While the bailiff had to respect certain norms-he could not attend the press conference that the residents were preparing for 15 May, for examplehe could continue to comment informally on their strategies for raising public awareness, and he remained firmly opposed to evicting anyone who was old or ill. The bank's lawyer's position was less clear. It is not clear whether his apparent complaisance should be attributed to simple personal kindliness or to his desire to protect the bank's reputation from a major public embarrassment; the day before there had been a hearing for the nonagenarian, which resulted in an extension of her right to remain in her apartment, but the tension that this sensationalist aspect generated had not entirely abated. Indeed, the lawyer's stance may have been motivated by both concern for the bank's good name and some degree of humanitarian decency; like the prefect, he had every interest in trying to keep all parties reasonably calm, if not exactly content. Unseemly haste would have gained the bank nothing at all. The government usually announces general extensions of eviction deadlines at Christmas and Easter as well as during elections. The bank's best prospect was therefore simply to acquiesce in a whole series of delays in the hope that eventually a window of real opportunity would appear.

The polite exchange between the bailiff and the bank's lawyer was a jousting match between two contestants whose goals nevertheless partly overlapped. Paolo's description of the negotiations that preceded the final decision is succinct and revealing; its highly generic character shows that here again there is a set piece in which all concerned knew how to play their respective parts. For every time an eviction was due, Paolo explained, the bailiff presented himself at the prefect's office along with a doctor (whose presence is required by law) and an ironworker who would bar the door once the tenants had been evicted. This group assembled in the prefect's office; the bailiff then asked the police commander if he "had officers available to carry out the eviction," and the prefect replied that he did not. "See you next time!" came the by now ritualized response, there was a formal leavetaking, and then the bailiff signaled from the window-apparently with no attempt at secrecy-waving his arms crossways but in opposite directions to indicate that nothing would happen.

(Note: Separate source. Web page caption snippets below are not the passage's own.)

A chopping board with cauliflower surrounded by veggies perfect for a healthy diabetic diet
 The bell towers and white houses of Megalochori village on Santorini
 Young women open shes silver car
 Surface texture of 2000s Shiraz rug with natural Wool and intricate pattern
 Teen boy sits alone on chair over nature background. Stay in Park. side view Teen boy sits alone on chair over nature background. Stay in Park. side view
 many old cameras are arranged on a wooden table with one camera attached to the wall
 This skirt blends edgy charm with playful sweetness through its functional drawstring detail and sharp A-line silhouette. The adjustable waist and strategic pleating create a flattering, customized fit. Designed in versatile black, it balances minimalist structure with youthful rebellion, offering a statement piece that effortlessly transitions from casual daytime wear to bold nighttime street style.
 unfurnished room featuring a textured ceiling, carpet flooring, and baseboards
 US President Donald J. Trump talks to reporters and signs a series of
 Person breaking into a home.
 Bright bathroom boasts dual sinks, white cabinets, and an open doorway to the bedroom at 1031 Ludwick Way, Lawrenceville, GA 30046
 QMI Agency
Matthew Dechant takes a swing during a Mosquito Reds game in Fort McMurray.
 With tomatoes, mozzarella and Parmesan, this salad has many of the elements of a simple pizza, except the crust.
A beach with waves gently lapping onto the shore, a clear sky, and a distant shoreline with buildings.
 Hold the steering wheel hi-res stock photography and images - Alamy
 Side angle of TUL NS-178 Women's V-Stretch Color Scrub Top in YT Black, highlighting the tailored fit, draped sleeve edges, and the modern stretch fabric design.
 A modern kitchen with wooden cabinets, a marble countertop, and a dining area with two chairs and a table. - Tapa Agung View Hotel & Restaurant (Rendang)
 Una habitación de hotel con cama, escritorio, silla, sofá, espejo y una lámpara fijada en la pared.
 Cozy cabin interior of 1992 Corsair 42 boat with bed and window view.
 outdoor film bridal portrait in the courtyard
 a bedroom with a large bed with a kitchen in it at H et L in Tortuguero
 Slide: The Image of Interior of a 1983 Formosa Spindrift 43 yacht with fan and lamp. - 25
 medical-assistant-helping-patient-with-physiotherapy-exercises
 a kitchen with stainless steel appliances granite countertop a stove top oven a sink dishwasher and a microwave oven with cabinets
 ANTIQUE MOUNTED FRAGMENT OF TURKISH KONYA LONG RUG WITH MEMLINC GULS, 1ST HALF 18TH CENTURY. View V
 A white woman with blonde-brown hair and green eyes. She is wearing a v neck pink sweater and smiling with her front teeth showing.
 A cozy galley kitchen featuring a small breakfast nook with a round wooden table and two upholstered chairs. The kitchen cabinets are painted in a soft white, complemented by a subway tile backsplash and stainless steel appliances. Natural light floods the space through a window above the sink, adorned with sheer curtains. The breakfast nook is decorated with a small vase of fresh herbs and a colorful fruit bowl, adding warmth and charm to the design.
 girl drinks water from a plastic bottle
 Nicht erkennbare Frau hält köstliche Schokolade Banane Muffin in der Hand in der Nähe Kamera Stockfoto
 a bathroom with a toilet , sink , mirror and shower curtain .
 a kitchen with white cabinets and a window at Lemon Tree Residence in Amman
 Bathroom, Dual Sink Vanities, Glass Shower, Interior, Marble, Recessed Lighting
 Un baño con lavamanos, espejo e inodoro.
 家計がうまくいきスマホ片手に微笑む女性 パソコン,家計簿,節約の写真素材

Paolo who, as the tenants' representative, was waiting downstairs on the street, now called the other tenants on his cell phone to reassure them that they could relax; then he greeted the officials as they come out of the building and invited them all to coffee-a clear declaration of social accommodation-after which he took off for the palazzo on his motorbike. There the bailiff and the police officer assembled with the tenants for the formal signing of the extension of the deadline-the scene that I have just described. That, at least, was the pattern until the final, dread moment of actual eviction arrived. In Via degli Ibernesi, that moment was still in the future. But there was one ominous new sign this time around: it was the first occasion on which a policeman, albeit as sole representative of the force, accompanied the bailiff back to the palazzo.

The bank could afford to wait. Existing alliances were already distinctly frayed. Not only did residents of more left-wing orientation view the growing involvement of the Alleanza nazionale in the Via degli Ibernesi case with deep misgivings, but the residents in the palazzo were equally diffident in their dealings with the growing tide of leftist-organized protests over the housing emergency. The representatives of the tenants' association also differed with the residents over whether to compromise if suitable housing could be found elsewhere; the residents wanted to remain in Monti and together.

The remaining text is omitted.